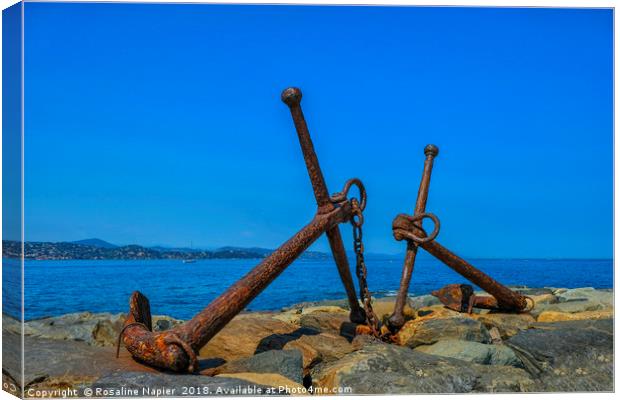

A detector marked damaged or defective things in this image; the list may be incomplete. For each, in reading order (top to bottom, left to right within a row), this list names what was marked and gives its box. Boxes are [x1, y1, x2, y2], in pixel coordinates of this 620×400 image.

small rusty anchor [115, 87, 368, 372]
large rusty anchor [116, 87, 368, 372]
large rusty anchor [388, 146, 532, 332]
small rusty anchor [390, 145, 532, 330]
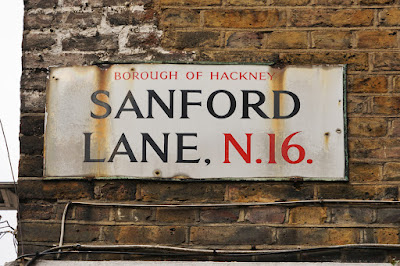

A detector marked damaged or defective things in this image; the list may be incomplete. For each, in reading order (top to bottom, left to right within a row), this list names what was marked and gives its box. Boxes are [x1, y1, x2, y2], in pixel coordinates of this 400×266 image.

rusty stain on sign [44, 63, 346, 182]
+ + + + + + +
An exact copy is needed of the lines from the one containing "this 400×266 image." through the end of the records.

Response below →
A detector marked damaged or defective things in this image; the list may be incomplete. For each, in reading order (top to bottom, left to right within a row), this list names what was marked and gives its box. Boxes are [x1, y1, x2, y2], in pixel coordinates of this 400×266 image.

rusty stain on sign [44, 63, 346, 182]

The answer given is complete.